Prompt. Every line in the data below has to be repeated exactly; no picture belongs in the result.

Given data.
★ ★ ★ ★
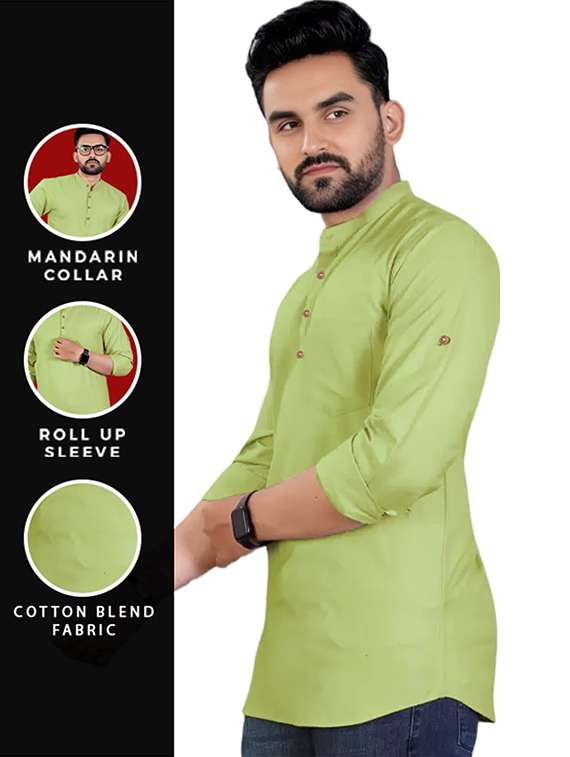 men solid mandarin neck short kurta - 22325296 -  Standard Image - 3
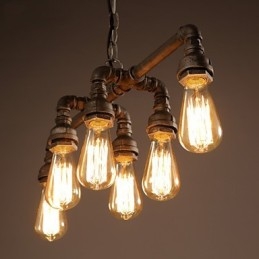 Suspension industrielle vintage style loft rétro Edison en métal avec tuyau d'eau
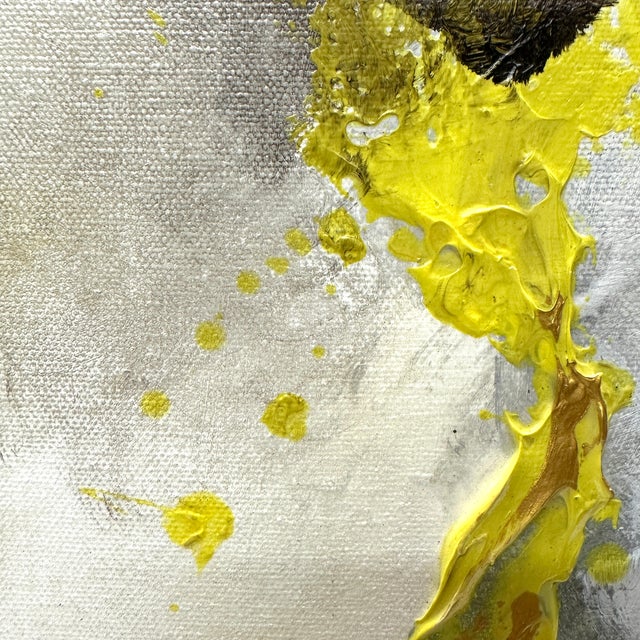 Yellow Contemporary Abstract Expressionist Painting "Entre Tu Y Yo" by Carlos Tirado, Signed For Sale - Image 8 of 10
★ ★ ★ ★
Solved problem.
 men solid mandarin neck short kurta - 22325296 -  Standard Image - 3
 Suspension industrielle vintage style loft rétro Edison en métal avec tuyau d'eau
 Yellow Contemporary Abstract Expressionist Painting "Entre Tu Y Yo" by Carlos Tirado, Signed For Sale - Image 8 of 10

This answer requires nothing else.